BMCR 2015.01.49

Le Mythe grec allemand. Histoire d’une affinité élective. Histoire

, Le Mythe grec allemand. Histoire d’une affinité élective. Histoire. Rennes: Presses Universitaires de Rennes, 2013. 404. ISBN 9782753528796. €22.00.

Table of Contents

From the late eighteenth century down to the 1940s, the Hellenic paradigm was decisive in the shaping of Germany’s political and cultural identity. Conversely, German influence in the shaping of classical Greek scholarship during that same period can hardly be overestimated. Both cultural phenomena respond to a peculiar “elective affinity” between Germans and ancient Greece, first brought to light by the Goethezeit and ever since bequeathed through generations of scholars. The historical recurrences and actualizations of this affinity, from the Aufklärung to the Nazi period, are the subject matter of Anthony Andurand’s book, which originated as a doctoral thesis at the University of Toulouse. The author’s objective is twofold: on the one hand, he examines the social function of philhellenism in the construction of Germany’s self-perception as a nation; on the other hand, he explores the emergence and institutionalization of Altertumswissenschaft as a consequence of the German-Greek elective affinity.

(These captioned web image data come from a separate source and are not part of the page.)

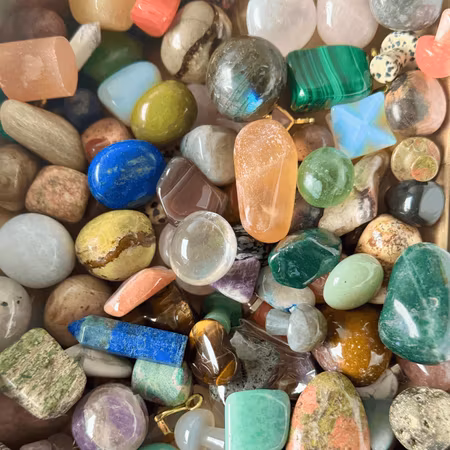 Kristallskopa - Mångfald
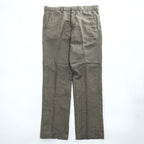 POLO RALPH LAUREN Linen Cotton Micro Check Straight Fit Trousers 32/32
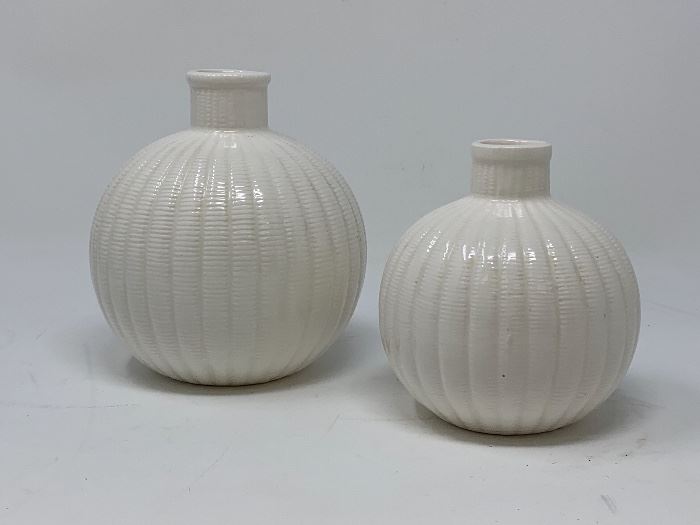 TIFFANY AND COMPANY VASES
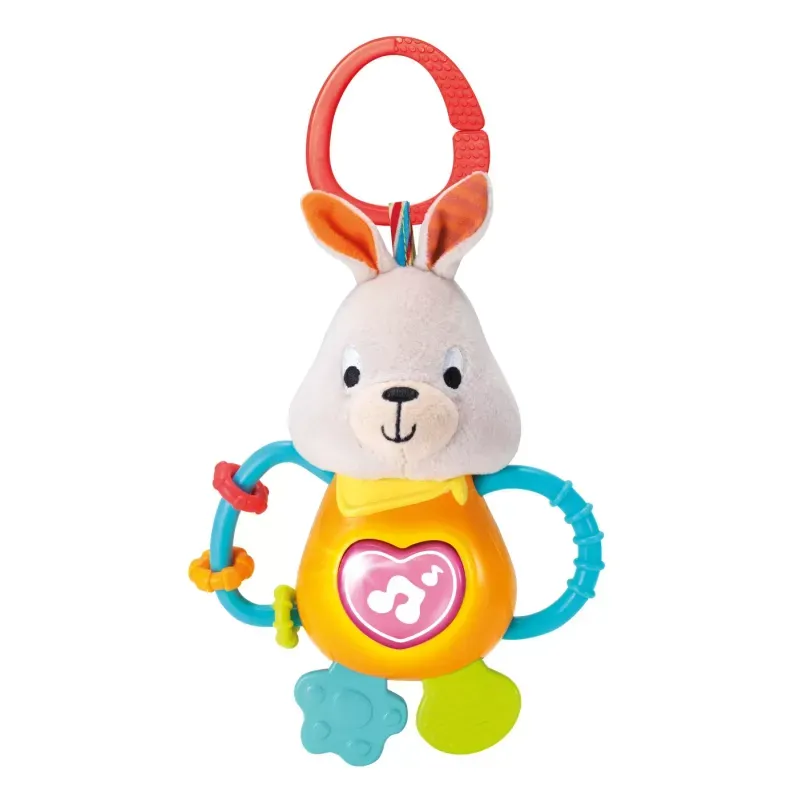 Jucarii, Copii si Bebe - Jucarii si jocuri - Jucarii bebelusi - Jucarii interactive bebelusi - Winfun Zornaitoare Iepuras Cu Sunete Si Lumini - Infinity.ro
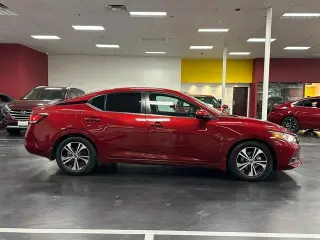 Nissan Sentra 2022 SV 4dr Sedan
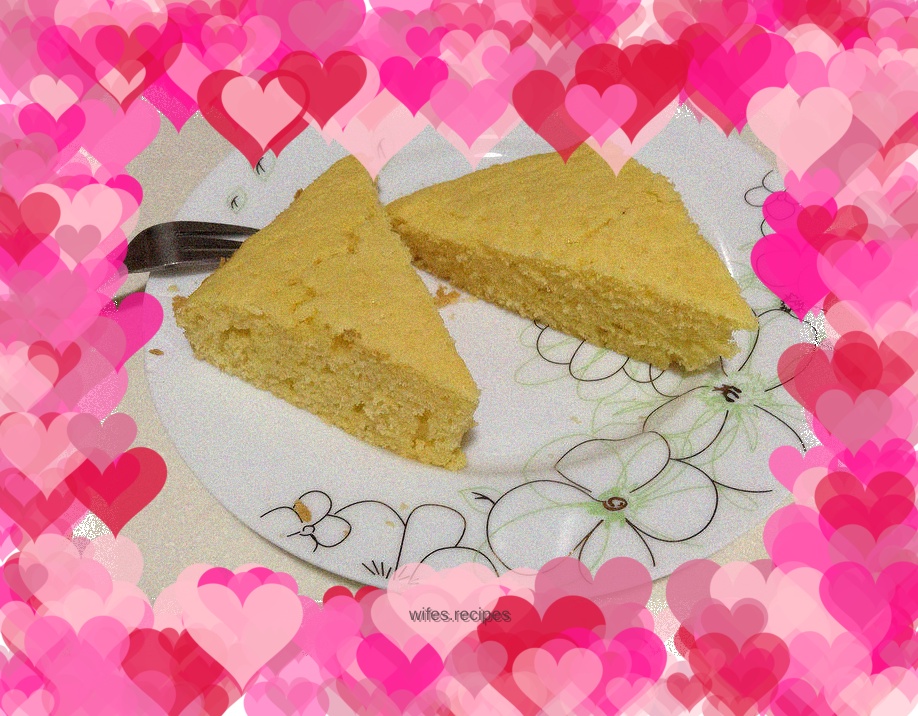 Children's whole grain breakfast------------20-minute quick corn cake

This approach is clearly indebted to Suzanne Marchand’s pioneering monograph on the same theme.1 Although sharing a similar perspective, the scope of the two works differs: whereas in Marchand’s opinion Greek art lies at the center of German philhellenism (hence her focus on the cultural history of classical archeology), Andurand focuses instead on the cultural history of Altertumswissenschaft as a whole. Paradoxically, such a vast scope weakens this otherwise remarkably informative book. If the author has valid reasons for considering Altertumswissenschaft as a coherent epistemological unity, the historical account of its successive transformations and sociopolitical implications in the longue durée cannot be covered consistently in one single monograph.

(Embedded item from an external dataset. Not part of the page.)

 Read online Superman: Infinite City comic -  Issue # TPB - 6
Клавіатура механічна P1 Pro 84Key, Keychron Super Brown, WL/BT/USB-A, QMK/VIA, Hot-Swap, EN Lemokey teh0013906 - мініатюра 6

The first chapter traces back the origins of German Graecophilia up to the reception of Winckelmann’s Gedanken (1755) in the late eighteenth century. In this respect, Andurand does not depart from scholarly consensus. The change of aesthetic paradigm—from Roman to Greek—advocated by Winckelmann receives a political reading in Germany shortly after the French Revolution. Whereas the French actively draw their political models from Roman antiquity, the Germans, horrified by the Reign of Terror in revolutionary France, will seek their own models in Greek antiquity, of which Winckelmann gave a characteristically “serene” image. In this chapter, Andurand also discusses the prominent part played by Wilhelm von Humboldt in providing a theoretical foundation for the Greek affinity in the early nineteenth century. In Humboldt’s philosophy—only superficially discussed by Andurand—the topic of a linguistic kinship between Greek and German is coupled with a kinship of “national characters”. At a less speculative level, Prussia’s defeat by Napoleon at Jena (1806) offers Humboldt a concrete analogy to his theory: Jena is to Prussia what Chaeronea was to Greece in 338 BCE. In both cases, the lack of a solid national unity and the cult of individualism led to the loss of political independence. Like Greece, Germany is a politically fragmented nation which nevertheless manifests a cultural unity. In Humboldt’s opinion, political division, far from being an obstacle, is a condition for the achievement of a superior culture: one embedded in agonistic emulation—a topic later developed by Burkhardt. Greece thus provides the model for a Bildung that will ultimately help Germany define itself not as a Staatsnation (exemplified by Rome and France), but as a Kulturnation. This chapter, which betrays the influence of Jean Quillien’s remarkable work,2 argues in favour of a strong influence of Demosthenes on Humboldt’s historical model.

The institutional context of Humboldtian neo-humanism is treated in chapter 2. Some very interesting pages are devoted to the reform of the Prussian educational system (1809-10), oriented by the classical Bildung ideal. Not only does Graecophilia become a national institution, but Prussians use it as a dialectical vehicle for better knowledge of themselves. As E. Curtius (1853) will famously put it: durch die Griechen zu uns selbst zurück (quoted in p. 79). The German specificity, theorized in those years by J. G. Fichte (1807-08), mirrors itself in the Greek specificity scrutinized in philology seminars. One may regret, however, that Andurand’s otherwise fine analysis of the classical Bildung does not take into account its confessional dimension. In order to fully grasp German philhellenism as a cultural phenomenon, it should be situated within the larger context of Kulturprotestantismus. Greek was, to some extent, the language of Protestantism; in Catholic Germany, piety prevented access to Greek culture without Roman mediation.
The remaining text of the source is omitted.